Les jeunes pousses de la scène circassienne ne l’ont pas eu facile depuis trois ans. Premières victimes de la pandémie — et même de la reprise, qui a privilégié les compagnies établies —, les artistes de la relève peinent à se révéler. D’où l’importance de signaler leur présence quand elle pétille.

Retenez le nom de ce duo : Agathe et Adrien. Nous vous parlions d’eux à l’été 2021, lorsqu’ils ont présenté sur la pelouse de la Tohu la pièce Branché avec une autre jeune pousse montréalaise, Barcode.

Agathe Bisserier et Adrien Malette-Chénier — de leurs noms complets — forment un duo de main à main depuis leur formation à l’École de cirque de Québec, qu’ils ont terminée en 2018. N. Ormes est leur premier spectacle, coproduit par leur compagnie Acting for Climate Montréal, qui milite pour des spectacles/tournées écoresponsables.

Samedi dernier, au Théâtre Desjardins du cégep André-Laurendeau, ils ont présenté pour la première fois une version finale de ce spectacle intime sans paroles, qui aborde les thèmes du genre et de l’égalité.

Il fait une tête de plus qu’elle, mais ne la sous-estimez pas. Agathe pourrait facilement vous porter à bout de bras ou sur ses épaules. C’est ce qu’elle s’amuse à faire avec son partenaire de scène, Adrien.

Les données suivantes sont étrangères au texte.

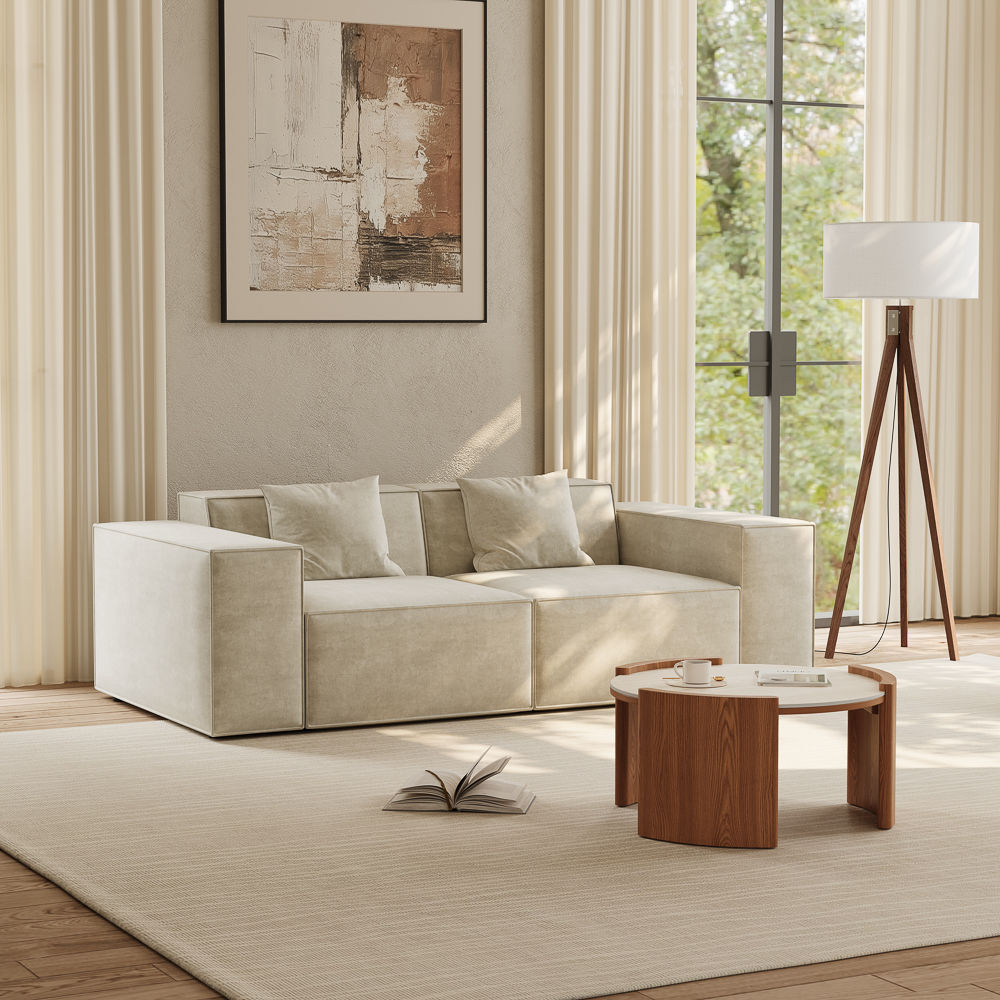 Beige Fabric Sofa Set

Elle a l’attitude et la fronde d’un porteur ; tandis que lui, bien que grand de taille, a une personnalité plus douce… Bref, on le devine plus à l’aise en jonglerie.

Comme dans tout duo qui se respecte, nos deux suspects s’attirent l’un vers l’autre, se tiraillent, se repoussent, se reprennent, puis s’abandonnent…

Eh oui, séparés et seuls sur scène, ils ne sont jamais aussi étincelants qu’à deux. La scène où Agathe s’épuise (seule) à faire des figures d’équilibre sur la tête est assez éloquente à cet égard. Plus tard, dans son propre moment de solitude, Adrien passera le temps à « flexer » ses muscles devant le public…

PHOTO KARENE-ISABELLE JEAN-BAPTISTE, COLLABORATION SPÉCIALE

L’artiste de cirque Agathe Bisserier fait de nombreuses portées dans N. Ormes.

Ce ne sont heureusement que de brèves parenthèses avant qu’Agathe et Adrien se retrouvent et poussent d’un cran l’expérience de leur duo dans ce spectacle qu’ils ont mis trois ans à créer. En une heure à peine, on s’attache à l’un et à l’autre.

Approche et images

Le thème du genre et de l’égalité des genres — notamment du mélange des rôles traditionnels, une femme qui fait des portées, un homme qui fait des figures aériennes — est loin d’être nouveau. La compagnie australienne Circa, qui est venue au Québec près d’une dizaine de fois, en a fait l’une de ses marques de commerce.

Plus proche de nous, les 7 Doigts ont aussi exploré ce filon, tout comme le collectif de Québec Flip Fabrique, dans sa pièce Muse, présentée récemment. Claudel Doucet et Cooper Lee Smith nous ont aussi offert une version intime de ce mélange des rôles dans Se prendre (Claudel a d’ailleurs conseillé Agathe et Adrien dans N. Ormes).

Bref, l’approche du duo est simple, mais inventive, amenée avec humour. Deux corps d’artistes qui se font le miroir de l’autre. Il y a une dramaturgie forte et beaucoup de belles images dans les figures exécutées par Agathe et Adrien, qui maîtrisent le difficile art des jeux icariens — où un porteur, couché sur le dos, fait voltiger son partenaire dans les airs avec ses pieds.

Avec leurs maillots noirs agencés, ils se tancent du regard en se lançant des défis. Tout ce que le grand Adrien fait, Agathe le reproduit. Jusqu’à la scène finale où leurs corps entremêlés — et dénudés — dans un savant éclairage rougeâtre qui perce la pénombre ne nous permettent plus de distinguer qui est qui. Les frontières ainsi brouillées, ils multiplient les figures jusqu’à former un tout. Très émouvant.

À ceux qui pensaient que les arts du cirque avaient atteint un plafond, voici de quoi nourrir le spectateur le plus exigeant. Agathe et Adrien seront d’ailleurs présents à Montréal Complètement cirque l’été prochain (les détails restent à confirmer), et passeront le mois d’août au fameux festival Fringe d’Édimbourg avant de faire une petite tournée aux États-Unis. Un duo qu’on aura à l’œil.